======== Given records

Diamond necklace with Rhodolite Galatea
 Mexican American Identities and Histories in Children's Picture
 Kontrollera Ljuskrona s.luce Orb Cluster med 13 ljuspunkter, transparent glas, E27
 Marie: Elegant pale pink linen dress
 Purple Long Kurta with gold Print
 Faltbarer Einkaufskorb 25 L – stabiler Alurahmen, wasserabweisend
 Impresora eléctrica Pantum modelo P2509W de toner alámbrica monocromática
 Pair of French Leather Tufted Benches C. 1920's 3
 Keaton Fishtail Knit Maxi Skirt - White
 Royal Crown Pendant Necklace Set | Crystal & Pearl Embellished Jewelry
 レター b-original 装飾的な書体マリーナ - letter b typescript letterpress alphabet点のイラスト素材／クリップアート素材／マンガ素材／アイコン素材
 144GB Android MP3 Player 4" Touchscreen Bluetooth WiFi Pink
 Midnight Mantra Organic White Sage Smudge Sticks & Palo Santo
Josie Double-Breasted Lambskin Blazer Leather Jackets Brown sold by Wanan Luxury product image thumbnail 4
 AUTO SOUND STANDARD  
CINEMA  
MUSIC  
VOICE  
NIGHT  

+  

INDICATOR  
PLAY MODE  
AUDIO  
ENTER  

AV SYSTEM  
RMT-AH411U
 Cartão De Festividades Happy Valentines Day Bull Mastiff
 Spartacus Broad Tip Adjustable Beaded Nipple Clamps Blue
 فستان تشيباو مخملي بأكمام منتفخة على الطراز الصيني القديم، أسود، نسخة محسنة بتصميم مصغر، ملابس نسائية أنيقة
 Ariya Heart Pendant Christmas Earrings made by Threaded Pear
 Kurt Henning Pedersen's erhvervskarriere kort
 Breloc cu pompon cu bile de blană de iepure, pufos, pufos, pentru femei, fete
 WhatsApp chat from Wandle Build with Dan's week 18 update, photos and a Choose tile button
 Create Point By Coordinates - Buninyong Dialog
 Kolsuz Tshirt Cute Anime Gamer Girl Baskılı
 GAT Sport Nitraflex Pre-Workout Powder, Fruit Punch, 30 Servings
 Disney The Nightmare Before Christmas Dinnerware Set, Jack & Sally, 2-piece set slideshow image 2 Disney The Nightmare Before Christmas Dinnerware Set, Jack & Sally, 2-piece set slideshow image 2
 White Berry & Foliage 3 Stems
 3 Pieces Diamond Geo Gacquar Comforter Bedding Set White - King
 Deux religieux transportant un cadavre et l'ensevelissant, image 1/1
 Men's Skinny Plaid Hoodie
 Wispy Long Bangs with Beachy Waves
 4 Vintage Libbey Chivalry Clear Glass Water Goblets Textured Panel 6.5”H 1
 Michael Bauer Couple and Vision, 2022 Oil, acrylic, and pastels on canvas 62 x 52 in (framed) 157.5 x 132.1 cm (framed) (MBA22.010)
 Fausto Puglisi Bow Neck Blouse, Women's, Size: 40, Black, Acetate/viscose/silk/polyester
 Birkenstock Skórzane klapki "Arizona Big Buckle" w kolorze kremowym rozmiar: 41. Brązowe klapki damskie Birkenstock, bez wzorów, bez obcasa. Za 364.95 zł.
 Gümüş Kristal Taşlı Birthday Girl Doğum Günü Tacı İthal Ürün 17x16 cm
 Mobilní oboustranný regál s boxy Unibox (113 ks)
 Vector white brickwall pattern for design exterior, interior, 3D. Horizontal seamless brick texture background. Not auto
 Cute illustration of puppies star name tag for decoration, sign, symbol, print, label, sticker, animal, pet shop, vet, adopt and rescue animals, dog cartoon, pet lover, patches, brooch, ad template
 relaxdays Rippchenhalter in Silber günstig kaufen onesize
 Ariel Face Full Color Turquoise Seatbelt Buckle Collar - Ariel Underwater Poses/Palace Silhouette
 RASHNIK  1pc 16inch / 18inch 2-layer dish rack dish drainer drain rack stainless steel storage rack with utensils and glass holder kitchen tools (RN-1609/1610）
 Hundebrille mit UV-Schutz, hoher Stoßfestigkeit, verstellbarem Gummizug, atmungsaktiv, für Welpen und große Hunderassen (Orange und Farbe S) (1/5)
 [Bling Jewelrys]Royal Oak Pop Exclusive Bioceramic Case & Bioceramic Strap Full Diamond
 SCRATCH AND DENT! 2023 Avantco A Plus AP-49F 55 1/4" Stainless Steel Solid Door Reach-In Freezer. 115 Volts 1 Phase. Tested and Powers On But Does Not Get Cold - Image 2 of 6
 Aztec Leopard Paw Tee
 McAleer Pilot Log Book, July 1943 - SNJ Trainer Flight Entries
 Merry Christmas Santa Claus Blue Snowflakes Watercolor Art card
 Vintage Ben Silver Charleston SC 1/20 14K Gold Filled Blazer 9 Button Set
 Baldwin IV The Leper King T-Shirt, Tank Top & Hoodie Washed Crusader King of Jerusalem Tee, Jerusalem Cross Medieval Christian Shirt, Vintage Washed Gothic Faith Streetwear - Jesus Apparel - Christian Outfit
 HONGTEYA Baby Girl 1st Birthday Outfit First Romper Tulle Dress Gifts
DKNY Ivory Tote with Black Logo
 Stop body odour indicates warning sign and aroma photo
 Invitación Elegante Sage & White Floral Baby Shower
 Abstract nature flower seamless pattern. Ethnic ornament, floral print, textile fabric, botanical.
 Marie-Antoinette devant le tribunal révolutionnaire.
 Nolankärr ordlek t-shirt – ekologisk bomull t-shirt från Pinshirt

================

Work to complete: Having read the records above, print them out again exactly.

Exercise response:
Diamond necklace with Rhodolite Galatea
 Mexican American Identities and Histories in Children's Picture
 Kontrollera Ljuskrona s.luce Orb Cluster med 13 ljuspunkter, transparent glas, E27
 Marie: Elegant pale pink linen dress
 Purple Long Kurta with gold Print
 Faltbarer Einkaufskorb 25 L – stabiler Alurahmen, wasserabweisend
 Impresora eléctrica Pantum modelo P2509W de toner alámbrica monocromática
 Pair of French Leather Tufted Benches C. 1920's 3
 Keaton Fishtail Knit Maxi Skirt - White
 Royal Crown Pendant Necklace Set | Crystal & Pearl Embellished Jewelry
 レター b-original 装飾的な書体マリーナ - letter b typescript letterpress alphabet点のイラスト素材／クリップアート素材／マンガ素材／アイコン素材
 144GB Android MP3 Player 4" Touchscreen Bluetooth WiFi Pink
 Midnight Mantra Organic White Sage Smudge Sticks & Palo Santo
Josie Double-Breasted Lambskin Blazer Leather Jackets Brown sold by Wanan Luxury product image thumbnail 4
 AUTO SOUND STANDARD  
CINEMA  
MUSIC  
VOICE  
NIGHT  

+  

INDICATOR  
PLAY MODE  
AUDIO  
ENTER  

AV SYSTEM  
RMT-AH411U
 Cartão De Festividades Happy Valentines Day Bull Mastiff
 Spartacus Broad Tip Adjustable Beaded Nipple Clamps Blue
 فستان تشيباو مخملي بأكمام منتفخة على الطراز الصيني القديم، أسود، نسخة محسنة بتصميم مصغر، ملابس نسائية أنيقة
 Ariya Heart Pendant Christmas Earrings made by Threaded Pear
 Kurt Henning Pedersen's erhvervskarriere kort
 Breloc cu pompon cu bile de blană de iepure, pufos, pufos, pentru femei, fete
 WhatsApp chat from Wandle Build with Dan's week 18 update, photos and a Choose tile button
 Create Point By Coordinates - Buninyong Dialog
 Kolsuz Tshirt Cute Anime Gamer Girl Baskılı
 GAT Sport Nitraflex Pre-Workout Powder, Fruit Punch, 30 Servings
 Disney The Nightmare Before Christmas Dinnerware Set, Jack & Sally, 2-piece set slideshow image 2 Disney The Nightmare Before Christmas Dinnerware Set, Jack & Sally, 2-piece set slideshow image 2
 White Berry & Foliage 3 Stems
 3 Pieces Diamond Geo Gacquar Comforter Bedding Set White - King
 Deux religieux transportant un cadavre et l'ensevelissant, image 1/1
 Men's Skinny Plaid Hoodie
 Wispy Long Bangs with Beachy Waves
 4 Vintage Libbey Chivalry Clear Glass Water Goblets Textured Panel 6.5”H 1
 Michael Bauer Couple and Vision, 2022 Oil, acrylic, and pastels on canvas 62 x 52 in (framed) 157.5 x 132.1 cm (framed) (MBA22.010)
 Fausto Puglisi Bow Neck Blouse, Women's, Size: 40, Black, Acetate/viscose/silk/polyester
 Birkenstock Skórzane klapki "Arizona Big Buckle" w kolorze kremowym rozmiar: 41. Brązowe klapki damskie Birkenstock, bez wzorów, bez obcasa. Za 364.95 zł.
 Gümüş Kristal Taşlı Birthday Girl Doğum Günü Tacı İthal Ürün 17x16 cm
 Mobilní oboustranný regál s boxy Unibox (113 ks)
 Vector white brickwall pattern for design exterior, interior, 3D. Horizontal seamless brick texture background. Not auto
 Cute illustration of puppies star name tag for decoration, sign, symbol, print, label, sticker, animal, pet shop, vet, adopt and rescue animals, dog cartoon, pet lover, patches, brooch, ad template
 relaxdays Rippchenhalter in Silber günstig kaufen onesize
 Ariel Face Full Color Turquoise Seatbelt Buckle Collar - Ariel Underwater Poses/Palace Silhouette
 RASHNIK  1pc 16inch / 18inch 2-layer dish rack dish drainer drain rack stainless steel storage rack with utensils and glass holder kitchen tools (RN-1609/1610）
 Hundebrille mit UV-Schutz, hoher Stoßfestigkeit, verstellbarem Gummizug, atmungsaktiv, für Welpen und große Hunderassen (Orange und Farbe S) (1/5)
 [Bling Jewelrys]Royal Oak Pop Exclusive Bioceramic Case & Bioceramic Strap Full Diamond
 SCRATCH AND DENT! 2023 Avantco A Plus AP-49F 55 1/4" Stainless Steel Solid Door Reach-In Freezer. 115 Volts 1 Phase. Tested and Powers On But Does Not Get Cold - Image 2 of 6
 Aztec Leopard Paw Tee
 McAleer Pilot Log Book, July 1943 - SNJ Trainer Flight Entries
 Merry Christmas Santa Claus Blue Snowflakes Watercolor Art card
 Vintage Ben Silver Charleston SC 1/20 14K Gold Filled Blazer 9 Button Set
 Baldwin IV The Leper King T-Shirt, Tank Top & Hoodie Washed Crusader King of Jerusalem Tee, Jerusalem Cross Medieval Christian Shirt, Vintage Washed Gothic Faith Streetwear - Jesus Apparel - Christian Outfit
 HONGTEYA Baby Girl 1st Birthday Outfit First Romper Tulle Dress Gifts
DKNY Ivory Tote with Black Logo
 Stop body odour indicates warning sign and aroma photo
 Invitación Elegante Sage & White Floral Baby Shower
 Abstract nature flower seamless pattern. Ethnic ornament, floral print, textile fabric, botanical.
 Marie-Antoinette devant le tribunal révolutionnaire.
 Nolankärr ordlek t-shirt – ekologisk bomull t-shirt från Pinshirt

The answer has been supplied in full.